EXERCISE DESCRIPTION: Find the line that contains "sepatu outdoor hiking asolo Vibram gore.tex". Then set down that line and all the lines after it, to the end of the records, exactly and with nothing added.

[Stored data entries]
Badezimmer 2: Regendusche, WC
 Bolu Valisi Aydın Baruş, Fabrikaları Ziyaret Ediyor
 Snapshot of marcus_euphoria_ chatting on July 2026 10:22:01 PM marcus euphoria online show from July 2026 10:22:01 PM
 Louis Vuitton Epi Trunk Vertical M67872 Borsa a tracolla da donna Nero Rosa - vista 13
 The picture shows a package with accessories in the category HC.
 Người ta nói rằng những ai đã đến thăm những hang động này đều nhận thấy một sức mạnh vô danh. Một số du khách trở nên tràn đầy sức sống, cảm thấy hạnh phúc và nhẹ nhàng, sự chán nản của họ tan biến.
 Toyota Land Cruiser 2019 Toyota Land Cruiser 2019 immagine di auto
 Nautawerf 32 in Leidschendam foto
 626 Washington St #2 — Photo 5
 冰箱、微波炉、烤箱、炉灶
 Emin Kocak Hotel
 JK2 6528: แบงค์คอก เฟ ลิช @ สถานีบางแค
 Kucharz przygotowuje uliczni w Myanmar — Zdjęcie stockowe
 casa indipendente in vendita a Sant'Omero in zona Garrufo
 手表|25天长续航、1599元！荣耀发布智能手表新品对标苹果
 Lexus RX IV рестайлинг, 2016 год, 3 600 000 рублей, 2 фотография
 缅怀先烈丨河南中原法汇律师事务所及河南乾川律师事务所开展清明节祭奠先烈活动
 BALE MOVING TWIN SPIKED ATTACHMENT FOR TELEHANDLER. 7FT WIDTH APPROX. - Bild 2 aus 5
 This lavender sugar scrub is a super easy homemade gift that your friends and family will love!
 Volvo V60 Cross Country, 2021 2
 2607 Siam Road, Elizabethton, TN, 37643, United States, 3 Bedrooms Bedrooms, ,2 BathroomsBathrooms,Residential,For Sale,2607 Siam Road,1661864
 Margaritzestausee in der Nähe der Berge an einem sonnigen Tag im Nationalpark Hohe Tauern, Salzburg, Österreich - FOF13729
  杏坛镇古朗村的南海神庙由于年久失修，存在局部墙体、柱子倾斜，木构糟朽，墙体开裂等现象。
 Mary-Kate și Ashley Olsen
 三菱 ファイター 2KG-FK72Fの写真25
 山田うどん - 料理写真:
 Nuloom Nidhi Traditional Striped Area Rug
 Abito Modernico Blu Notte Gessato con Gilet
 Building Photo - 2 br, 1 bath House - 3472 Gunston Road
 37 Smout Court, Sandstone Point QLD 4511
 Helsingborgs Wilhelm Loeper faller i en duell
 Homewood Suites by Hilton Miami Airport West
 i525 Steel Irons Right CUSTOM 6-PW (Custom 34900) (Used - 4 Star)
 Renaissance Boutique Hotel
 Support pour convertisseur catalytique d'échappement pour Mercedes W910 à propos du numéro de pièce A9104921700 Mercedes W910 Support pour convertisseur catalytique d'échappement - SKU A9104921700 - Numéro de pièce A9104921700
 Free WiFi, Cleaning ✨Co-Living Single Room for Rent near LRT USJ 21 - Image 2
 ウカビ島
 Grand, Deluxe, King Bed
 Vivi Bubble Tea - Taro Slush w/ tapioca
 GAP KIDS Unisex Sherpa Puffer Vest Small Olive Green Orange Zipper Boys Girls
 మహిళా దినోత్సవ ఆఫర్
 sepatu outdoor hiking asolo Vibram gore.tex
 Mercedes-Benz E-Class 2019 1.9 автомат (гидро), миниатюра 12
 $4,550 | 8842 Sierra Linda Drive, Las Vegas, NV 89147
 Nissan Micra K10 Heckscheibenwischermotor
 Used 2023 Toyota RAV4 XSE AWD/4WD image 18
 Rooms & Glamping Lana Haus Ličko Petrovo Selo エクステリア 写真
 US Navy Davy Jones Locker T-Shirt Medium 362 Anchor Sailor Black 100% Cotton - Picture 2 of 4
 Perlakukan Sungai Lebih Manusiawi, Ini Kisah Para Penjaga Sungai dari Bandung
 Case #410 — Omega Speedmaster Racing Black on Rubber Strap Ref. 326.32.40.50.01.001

TASK ANSWER:
 sepatu outdoor hiking asolo Vibram gore.tex
 Mercedes-Benz E-Class 2019 1.9 автомат (гидро), миниатюра 12
 $4,550 | 8842 Sierra Linda Drive, Las Vegas, NV 89147
 Nissan Micra K10 Heckscheibenwischermotor
 Used 2023 Toyota RAV4 XSE AWD/4WD image 18
 Rooms & Glamping Lana Haus Ličko Petrovo Selo エクステリア 写真
 US Navy Davy Jones Locker T-Shirt Medium 362 Anchor Sailor Black 100% Cotton - Picture 2 of 4
 Perlakukan Sungai Lebih Manusiawi, Ini Kisah Para Penjaga Sungai dari Bandung
 Case #410 — Omega Speedmaster Racing Black on Rubber Strap Ref. 326.32.40.50.01.001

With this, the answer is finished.